▸ **Your task**
Give again only the lines from the line that holds "4 Bedroom Detached" to the end of the data, inclusive, omitting all pictures.

▸ **Given data**

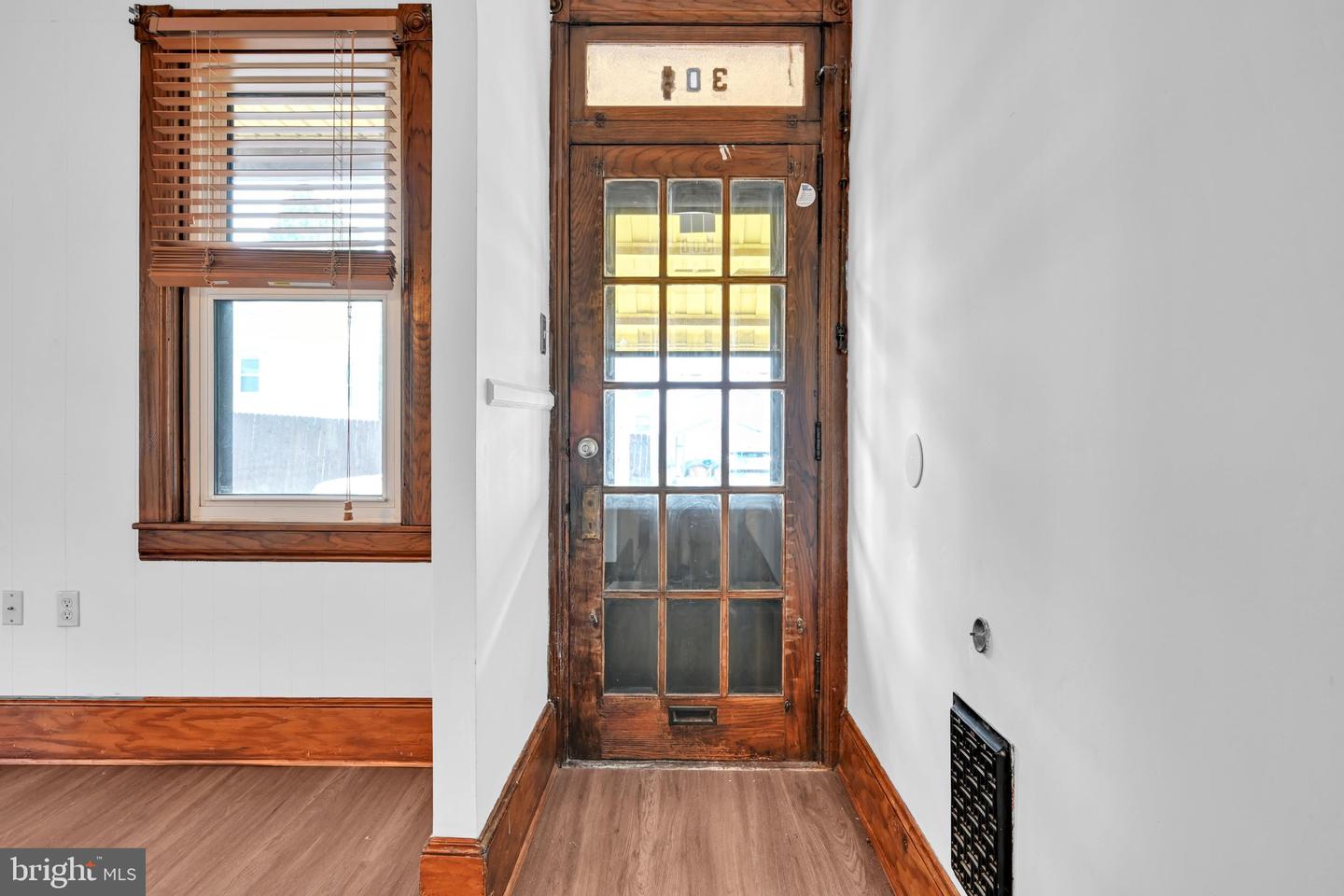 308 N 3rd St Property Photo 5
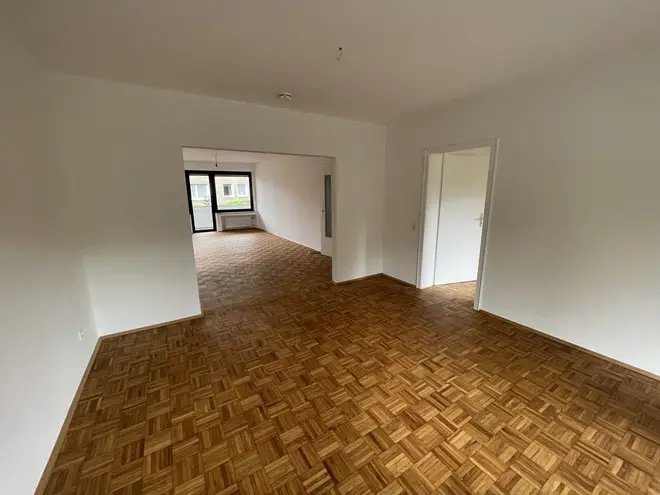 4 Zimmer Wohnung mit 100 m² in Essen – Bild 1
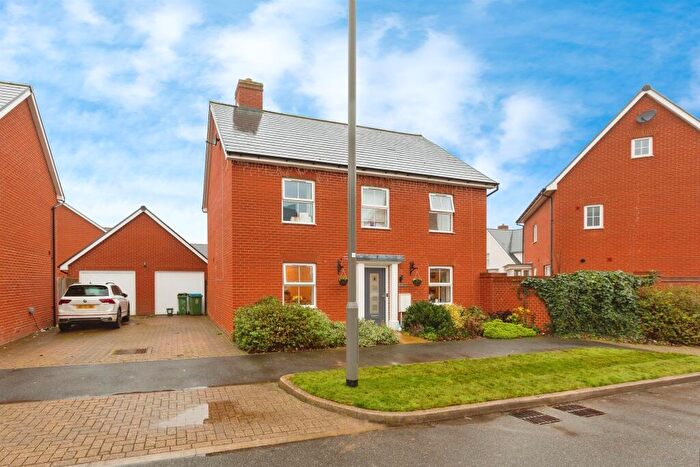 4 Bedroom Detached House For Sale In Maybrick Road, Broughton, Aylesbury, HP22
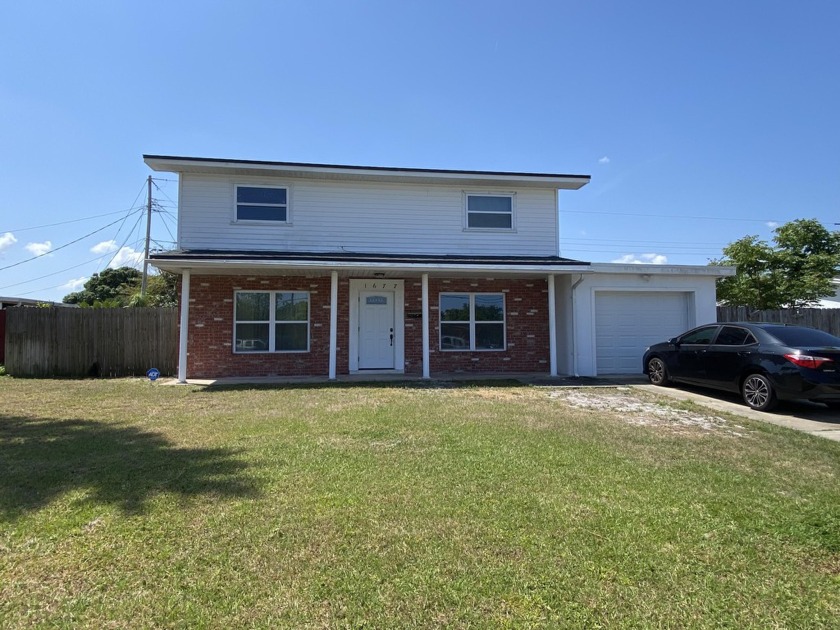 This home is in a great location close to the beach, mall - Beach Home for sale in Melbourne, Florida on Beachhouse.com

▸ **Written solution**
 4 Bedroom Detached House For Sale In Maybrick Road, Broughton, Aylesbury, HP22
 This home is in a great location close to the beach, mall - Beach Home for sale in Melbourne, Florida on Beachhouse.com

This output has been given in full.